Other Data Limitations
The loss information available represents a simple historical average loss rate given an event. But hurricanes (and hurricane seasons) are not all created equal. The same is true of other natural disasters. Relying on averages may work over long time horizons but could significantly underpredict or overpredict loss in a particular year. Further, the frequency of events is rising so that what used to be considered 100 year event may be closer to a 10 or 20 year event. Lacking data about what losses might look like under extreme scenarios makes modeling such events problematic.
The data also make it difficult to take correlation into account. Hurricanes and coastal flooding are independent events in the dataset but are obviously highly correlated with one another. The impact of a large storm on one geographic area is likely to be correlated with that of nearby areas (such as when a hurricane makes its way up the Eastern Seaboard).

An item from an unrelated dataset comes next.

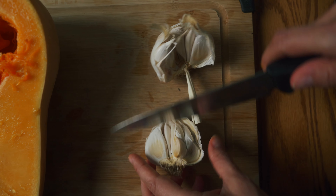To a pot, you're going to add in some olive oil. We're adding a generous amount here because we want our soup to be nice and velvety. We're adding in one chopped onion. Stir it up and let this cook on medium heat for 10 minutes, or until the onions are nice and tender.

The workarounds for these limitations have limitations of their own. But one solution involves designing transparent assumptions and scenarios related to the probability, severity, and correlation of stress events. We can model outlier events by assuming that losses for a particular peril follow a normal distribution with set standard deviations. Other assumptions can be made about correlations between perils and geographies. Using these assumptions, stress scenarios can be derived by picking a particular percentile along the loss distribution.
A Promising New Credit Analysis Tool for Mortgages
Notwithstanding its limitations, the new NRI data is a rich source of information that can be leveraged to help augment credit risk analysis of mortgage and mortgage-backed security portfolios. The data holds great promise as a starting point (and perhaps more) for risk teams starting to put together climate risk and other ESG analysis frameworks.